It is not clear exactly who said “Good artists copy, but great artists steal.” It might have been Picasso. The poet TS Eliot wrote something very similar in 1920. Regardless, the quote brings to the forefront an idea, a concept that I am consistently highlighting in all my Art2Life programs.
It has to do with creating your Art from looking primarily inside of yourself instead of outside of yourself. I teach a lot of workshops and I understand and appreciate the temporary influence a teacher’s work may have upon a students. While this is to be expected, I am not at all interested in having this be the final result for my students.
When someone is copying someone else’s art, it just means that they are looking outside of themselves more than they are looking within. In the beginning everyone is trying to figure out what kind of Art it is exactly they can make. Everyone is influenced. I surely was and I too copied people’s work because I so badly wanted to create work that I loved. I couldn’t see my own work at that point, as it was still unmade. It is far easier and certainly more visually obvious to look at what others – such as your teachers, past artists, those you admire – are making for the answers instead of where the true answers lay: within yourself.
Everyone – and I really mean everyone – is capable of discovering what their own creativity can create if they are willing to take the time to investigate. Every person walking the Earth is utterly unique. No 2 people are the same. However, to really visually represent this difference one must pay attention to one’s self and not so much to what others are doing.
If you are copying it means you are looking over your shoulder at someone else’s art instead of your own.

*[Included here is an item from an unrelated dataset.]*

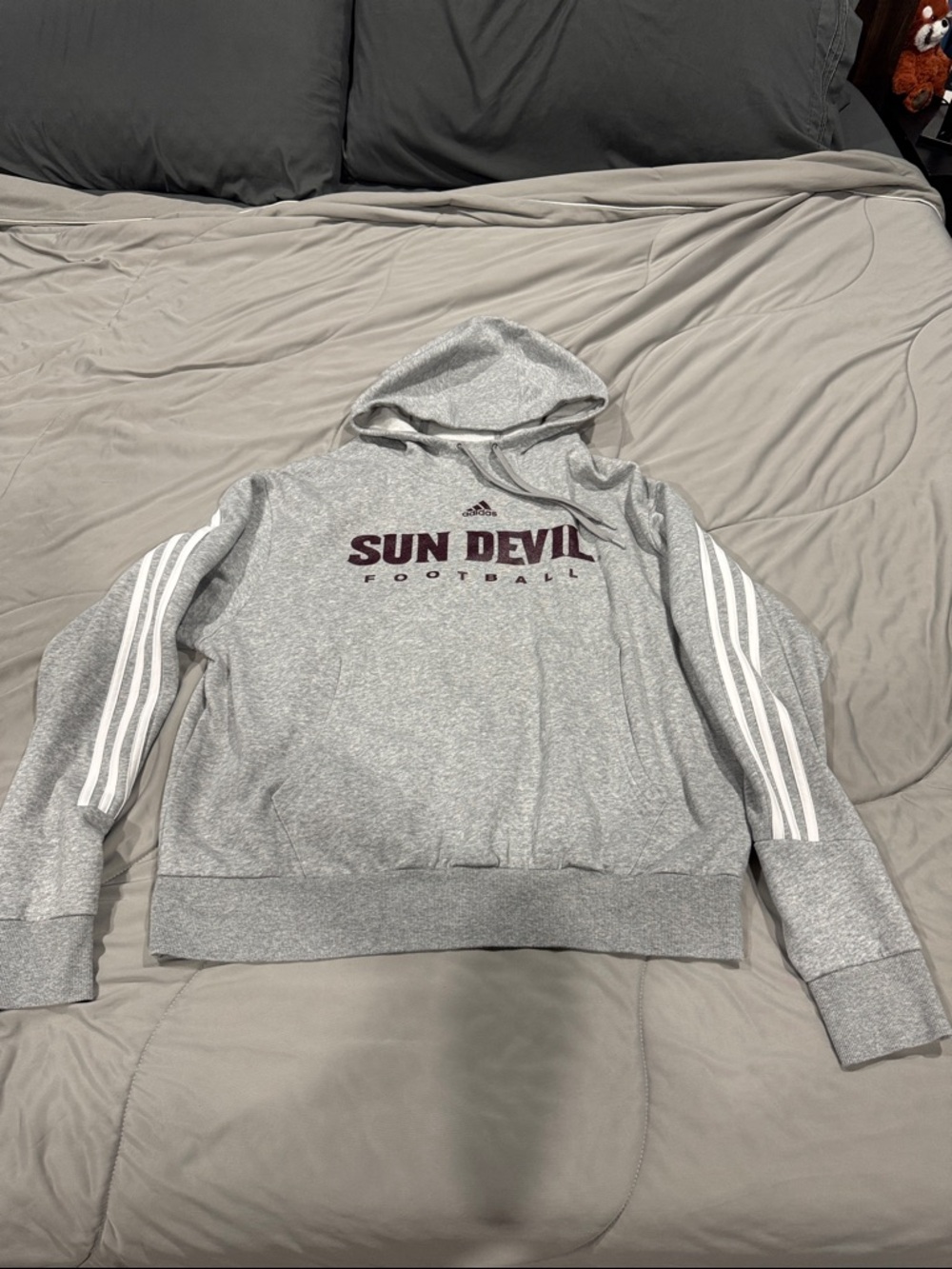 adidas Gray 'Sun Devil Football' Pullover Hoodie with White Stripes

If, on the other hand, you steal someone art then this is something entirely different. Taking inspiration, taking colors, design, whatever and then using it, modifying it as your own actually transforms it into something personal. What matters in the end is your thinking. Are you inside or outside of yourself when making Art?
It is always challenging to find your own expression. It is mired with half starts, uncertainties and can, over time, wear you down, particularly when your art does not match your expectations.

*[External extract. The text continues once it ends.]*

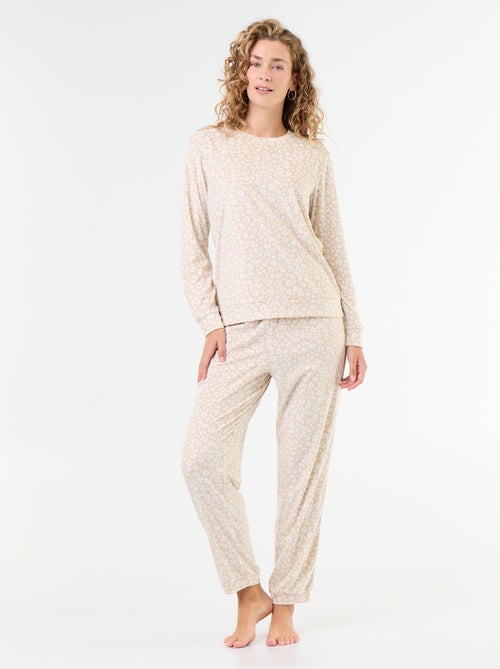 Pigiama lungo in pile - 2 pezzi - Kiabi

Looking back now I so clearly can remember all the firsts, all the fun and even the pain, and certainly all the tremendous “ah ha!” moments I found along the way. This is what it is all about. The life of an artist is an unfolding, a peeling away of layers… layers of self-doubt, ego, dreams, hopes and always renewed optimism and faith.
It turns out that the practice of finding your own Art is ultimately the practice of finding your own Life. And finding that makes everything else pale in comparison. I want to say thank you. I feel especially grateful to be part of this tribe.